La FNSEA accorde un satisfecit au texte des sénateurs
A l'issue de cet examen en première lecture du projet de loi Egalim, la FNSEA a accordé un satisfecit au texte tel que modifié par les sénateurs. Dans un communiqué le 3 juillet, le syndicat a évoqué un texte « d'équilibre et de sagesse ». Dans le titre I (relations commerciales), la FNSEA note, avec satisfaction, le maintien d'indicateurs « diffusés par les interprofessions ». Dans le titre II (demandes sociétales, phytos), la Fédération juge l'approche des sénateurs « pragmatique ». Enfin, la FNSEA appelle à un accord entre les deux chambres lors de la réunion de la commission mixte paritaire.
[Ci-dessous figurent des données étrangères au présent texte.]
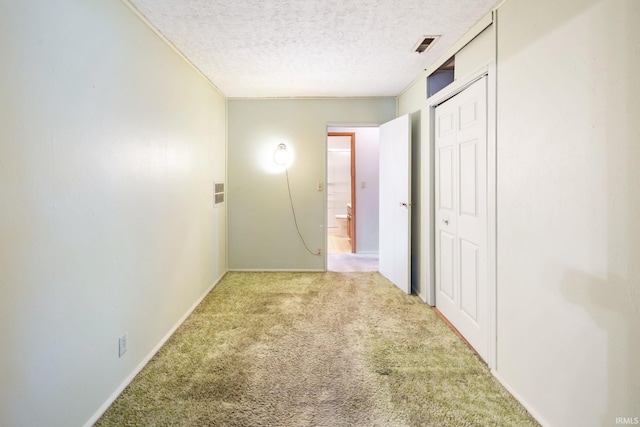 hallway with carpet floors, a textured ceiling, and baseboards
Les ONG dénoncent « une coquille vide »
A l'inverse, les ONG de la Plateforme citoyenne pour un transition agricole (UFC Que Choisir, CIWF, FNH, Greenpeace...) sont restées sur leur faim. Dans un communiqué émis le 3 juillet, elles accusent les sénateurs d’un rétropédalage, transformant le projet de loi « en véritable coquille vide ». Les associations se félicitent de « quelques avancées sur la sécurisation des relations commerciales », de « l'adoption d'un fonds pour les victimes de pesticides financé par les fabricants », et de l’amélioration de l’approvisionnement des cantines. Néanmoins, elles estiment que le fameux « équilibre dans les relations commerciales et pour une alimentation saine et durable » n’est pas atteint. « En l’état, la société civile se désolidarise du texte et appelle les parlementaires de la Commission mixte paritaire (CMP) à ne pas voter le projet de loi afin de mettre à profit la procédure législative autorisant les députés à réexaminer la loi ». La réunion de la CMP devrait intervenir le 10 juillet prochain.